E partindo de imagens — ou melhor, de desenhos — constantes da partitura gráfica que contem “Livro do Som”, interpretam a peça escrita por Yuna Le Quéré em 2022. Para tal, Cipriano e Sefa servem-se da mesa de trabalho pejada de idiofones — incontáveis, mesmo. Um espaço aberto que os convida a passar de interpretes a criadores. Suspeita-se ligar-se à ideia de “Das Buch der Klänge [O Livro dos Sons]” do pianista e compositor Hans Otte que partia da premissa: “O que faz um compositor com os sons?” Para o final reservam as imagens como fontes de som. Partindo desde “Deep Blue” de Michael Beil, contando com a direcção de vídeo de Norika Sefa, fazem da manipulação em tempo real audiovisual uma desconstrutiva criação.
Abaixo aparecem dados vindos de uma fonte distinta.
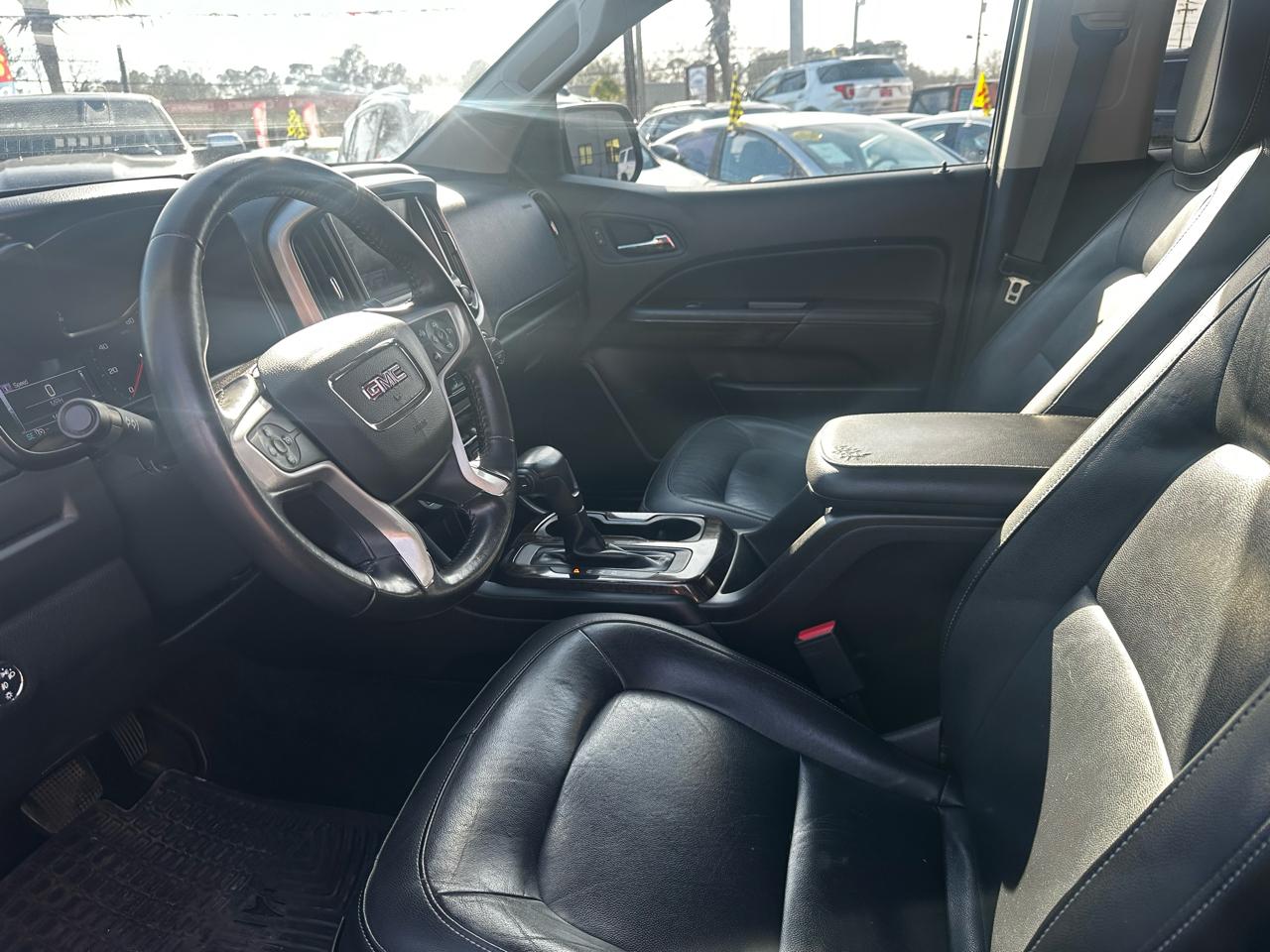 GMC Canyon SLT Crew Cab 2WD 2017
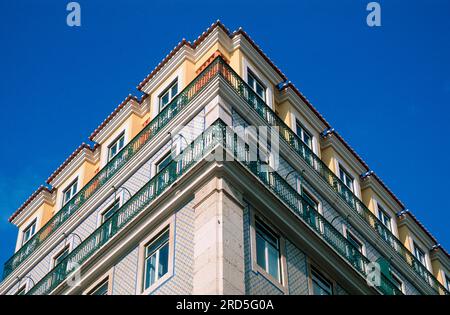 Geflieste Hausfassade, Eckhaus, Altstadt, Lissabon, Portugal Stockfoto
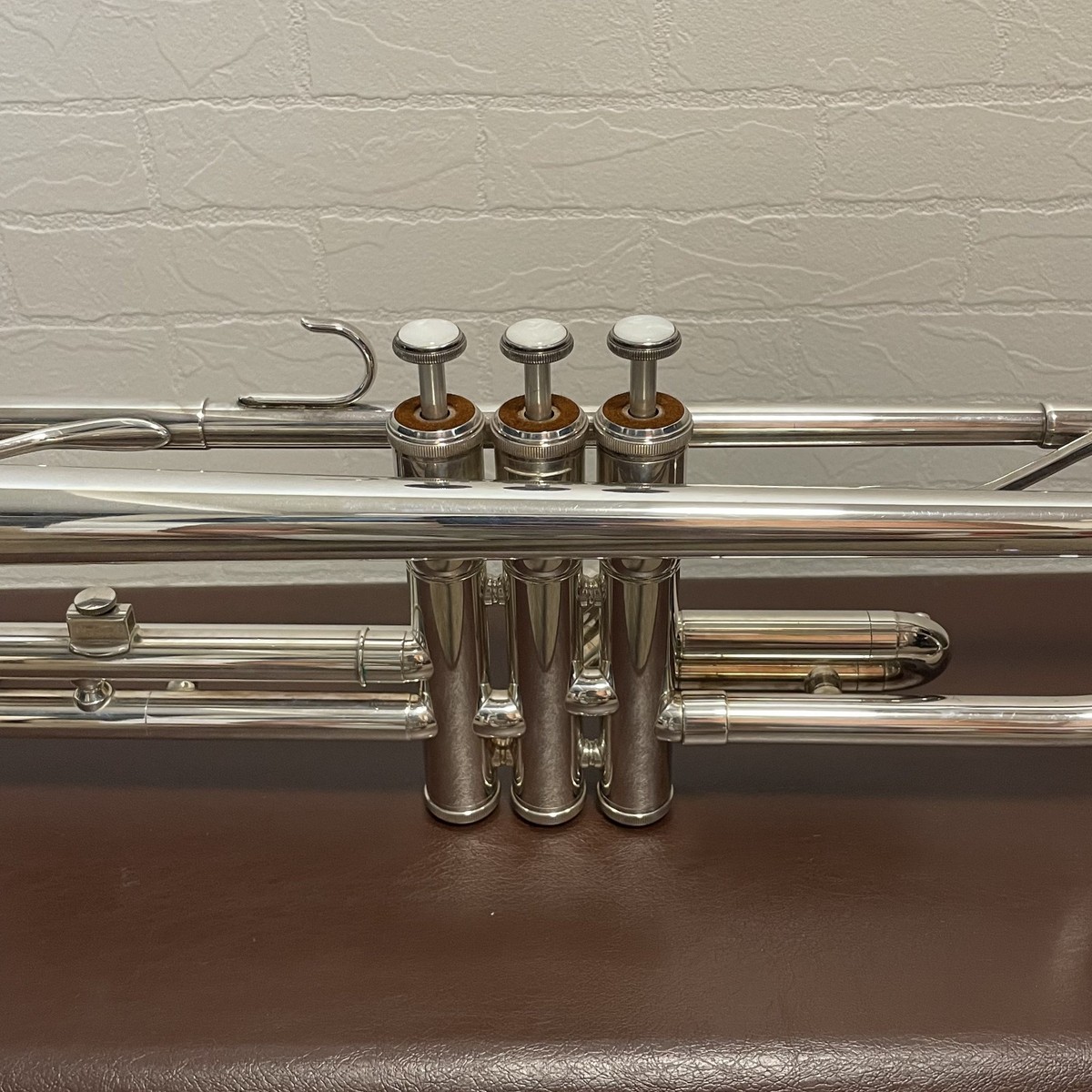 YAMAHA YTR-2320S silver Trumpet with Hard Case Mouthpiece musical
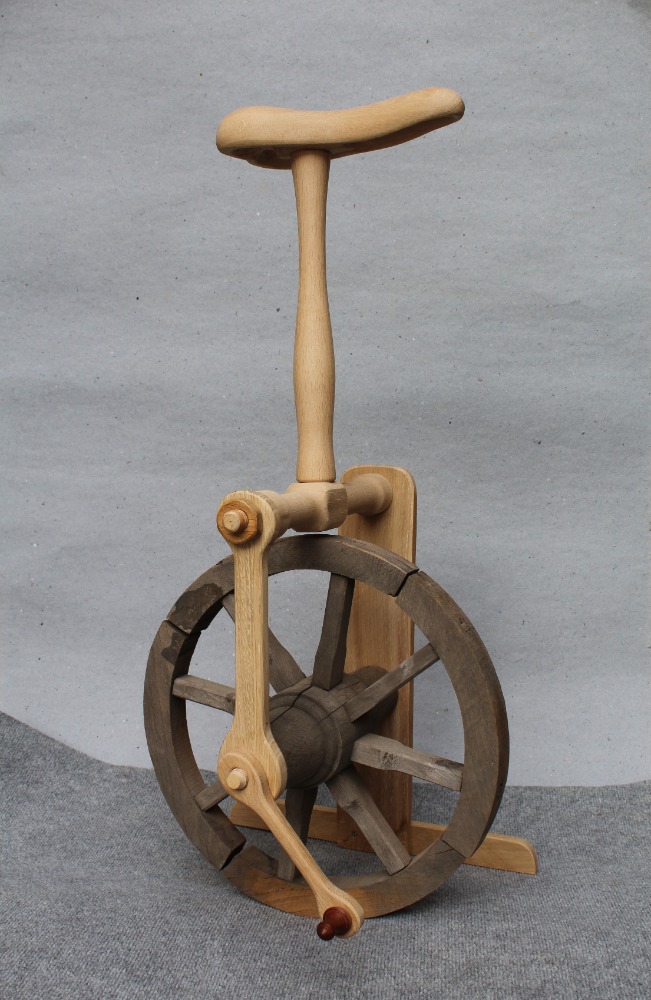 Památník vynálezu kola, výška 90 cm, práce a foto M. Patřičný, dub a neznámý kolář…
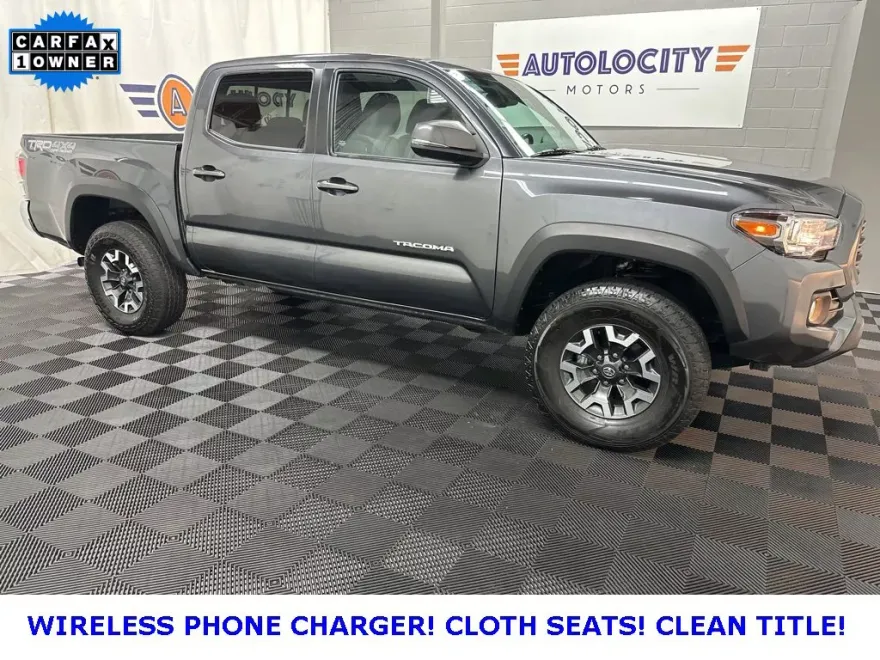 2023 Toyota Tacoma TRD Off-Road photo 1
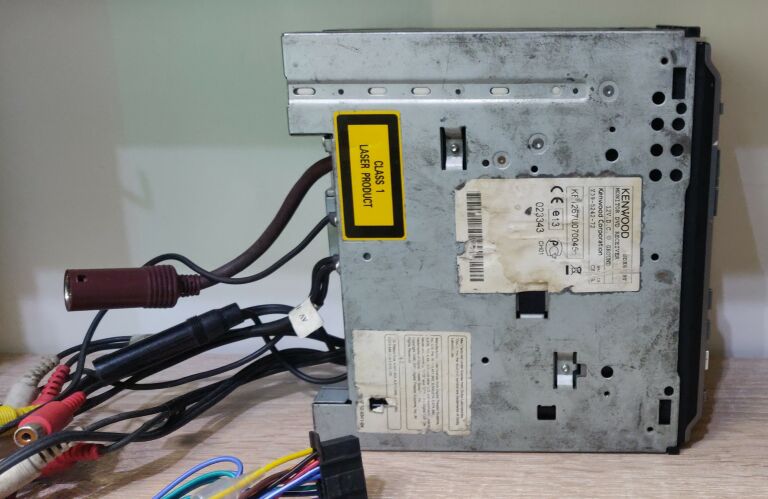 radio-dvd-ekran-samochodowy-2din-kenwood-ddx6029-model-dpx-7200dab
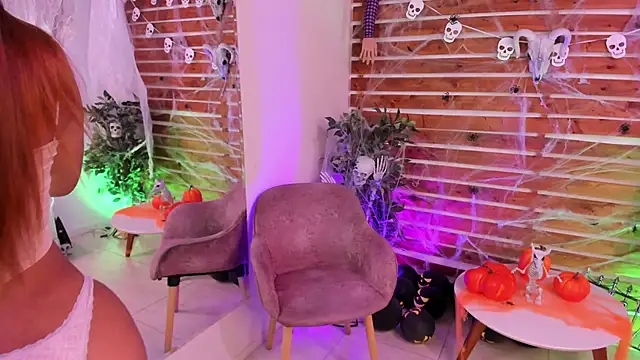 Snapshot of _MeganRain chatting on 10/17/25, 07:33 MeganRain online show from 10/17/25, 07:33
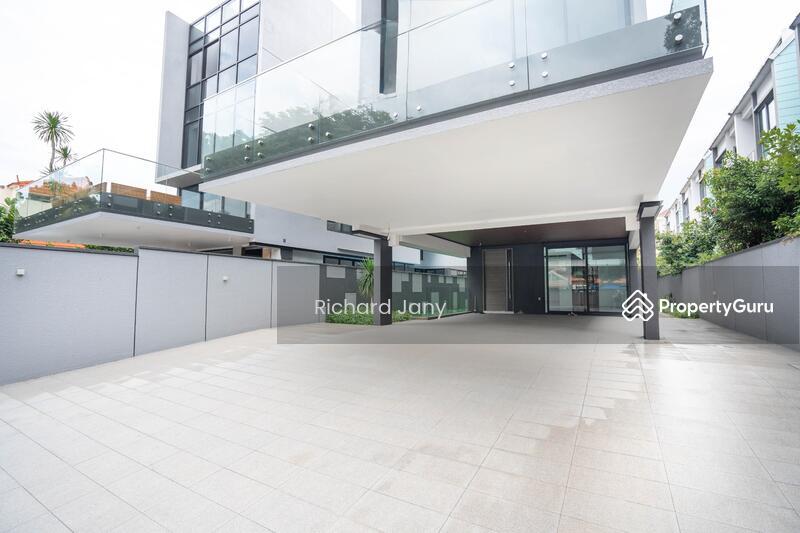 Prop-GPT: Bungalow: D19   D19 NEW F'HOLD MODERN  6 BRM BUNGALOW  POOL LIFT  PARK 4 CARS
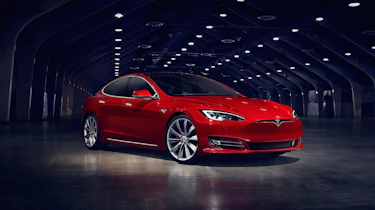 Tesla Model S 2016 facelift front far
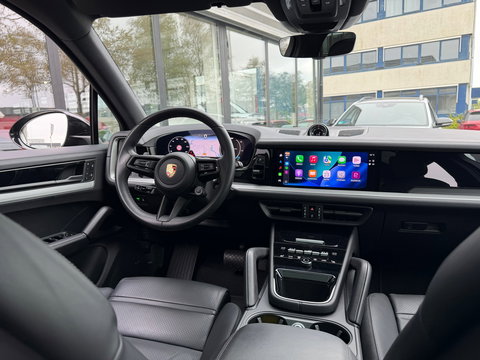 Porsche Cayenne 3.0 E-Hybrid Black Edition 470PK|Pano|Memory|Carplay|Bosé|SportChrono|Sport-Design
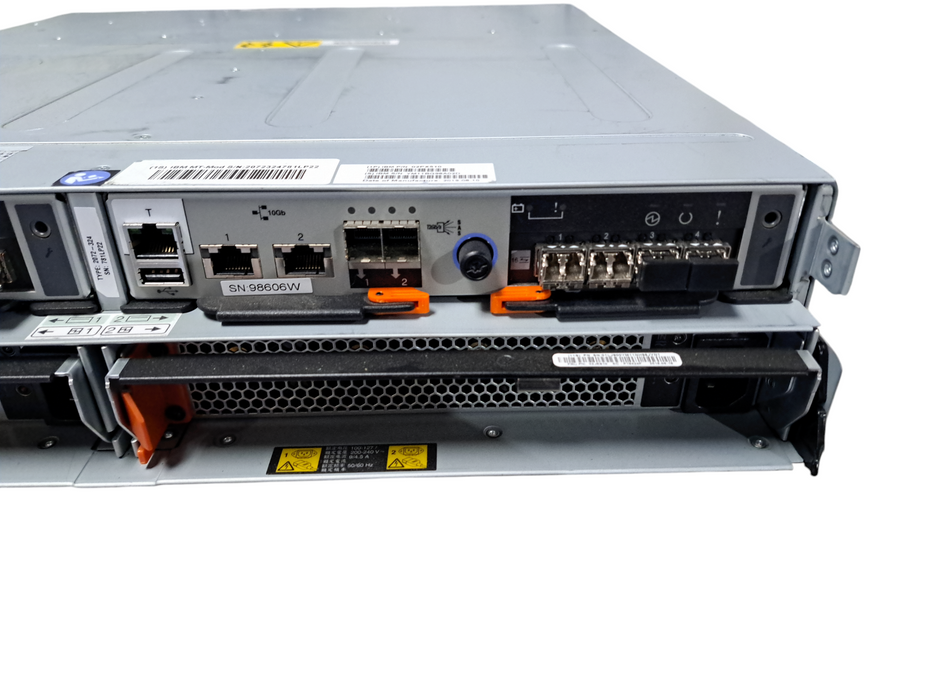 IBM Storwize V5000E 24x 2.5" w/ 2x 02PX517 Storwize V5030E Node Canister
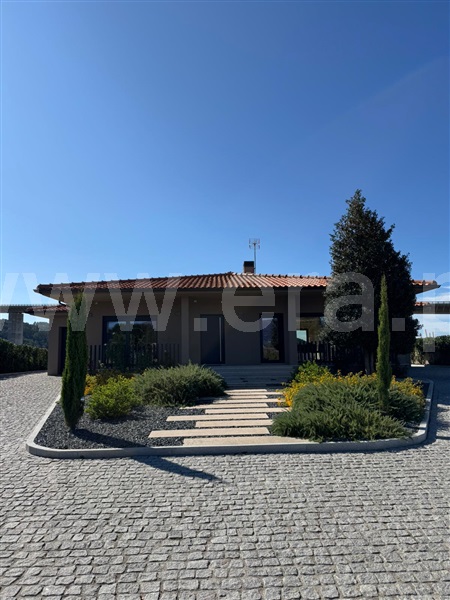 Moradia Isolada T3 / Vila Real, Folhadela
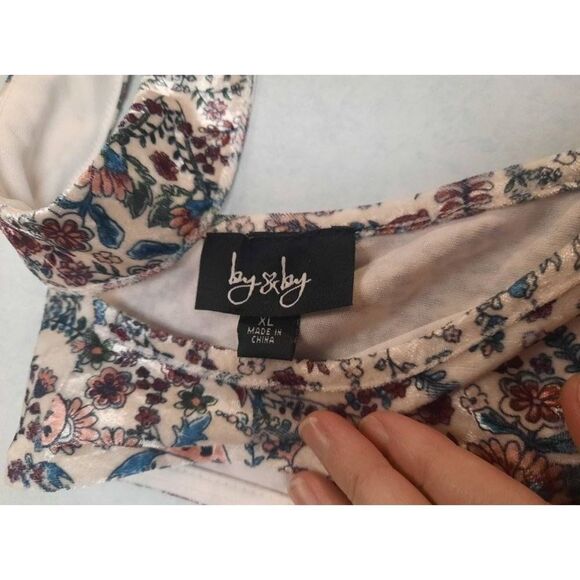 By & By XL Velvet Collared Tank Top Paisley - Picture 4 of 6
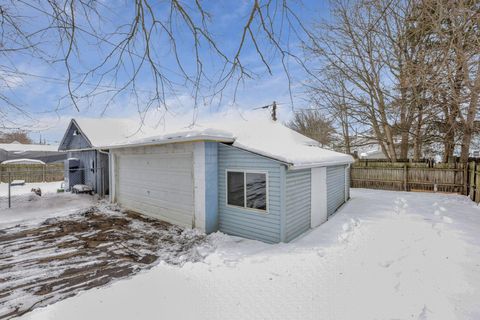 Tiny photo for 54 E Stevens Street, Newark, OH 43055 (MLS # 226003285)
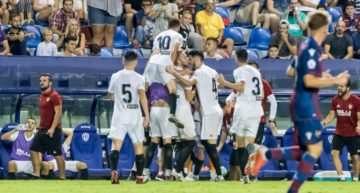 GALERÍA: Así vivimos el triunfo del Valencia Mestalla en el derbi de filiales ante el Atlético Levante (0-1)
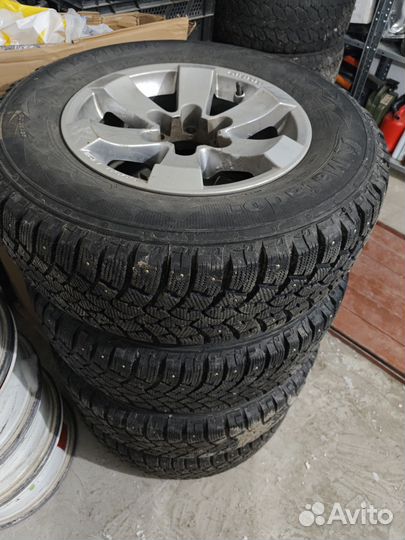 Колеса зимние r16 6x139.7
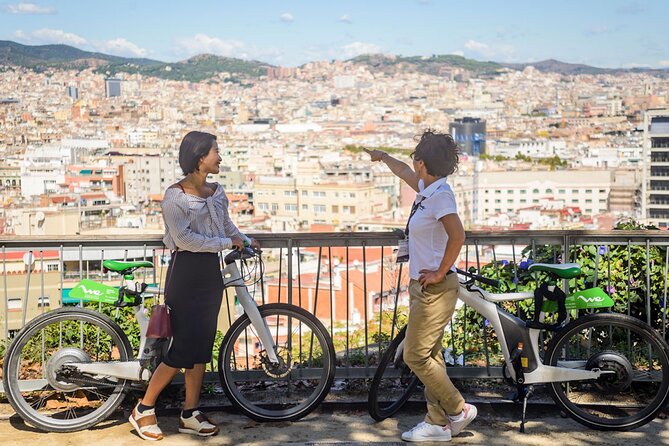 Barcelona E-Bike, Cable Car & Boat - Gothic Quarter return ride and seeing Gaudí from outside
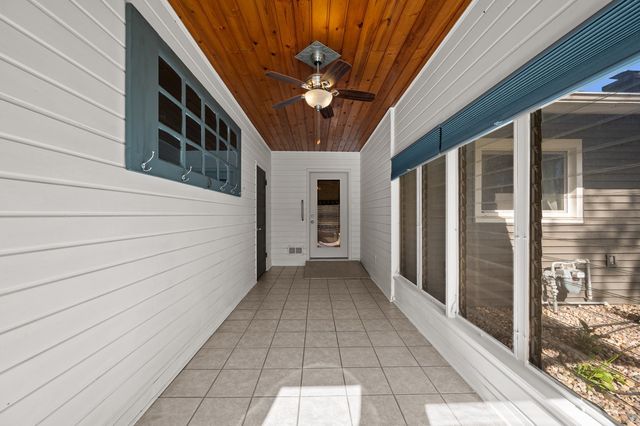 1358 W Garfield Street, Davenport, IA 52804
Uma vez mais retomando-se a permutação dos sentidos, permitindo um facilitar de ver o som e ouvir as imagens. Tudo a favor, portanto, deste destemido duo Nada Contra.


A fechar, com mestria programática, a passagem do Space Festival por terras de Montemor-o-Velho estiveram as Lantana. Delas sabemos a vontade crescente de trazer um sucessor a Elemental (sim!). Ensemble de improvisadoras que se apresentaram pontualmente reduzidas a quinteto. Maria do Mar no violino e acessórios sonoros, Maria Radich na voz, Joana Guerra no violoncelo com electrónica e voz, Anna Piosik em trompete e Carla Santana nas electrónicas enchem o palco bem além do facto de serem cinco — a maior formação em apreço nestes dois dias de festival. Enchem de volúpia, emanando um chamamento para longe — indo com elas, sendo levados pelo esoterismo sonoro. Uma voz que declama enquanto canta e que inventa nisso uma linguagem torna-se um instrumento de grande poder. Acede-se a um portal sem volta. Uma imagem de uníssonos pelas cordas, um som de paisagens desconhecidas revestidas de veludo. Ou a certo momento um voo raso sobre uma ondulante seara torrada pelo sol. Válidos cenários a que nos transporta a música em tempo real de Lantana. Uma combinação do som que não se repete, um tapete de murmúrios e sussurrantes segredares. Quando nos abeiramos do estado liquido, pela magia sonora vinda das electrónicas de Santana, sobressai o requinte cristalino, que o sopro de Piosik em surdina havia anunciado. Guerra que em apontamentos abriu o sentido de rumo conjugando vozeares que apontaram ao longínquo lugar sem deste fisicamente sair. De uma gratidão profunda, sempre e quando é disto feito uma partilha do espaço sonoro e visual.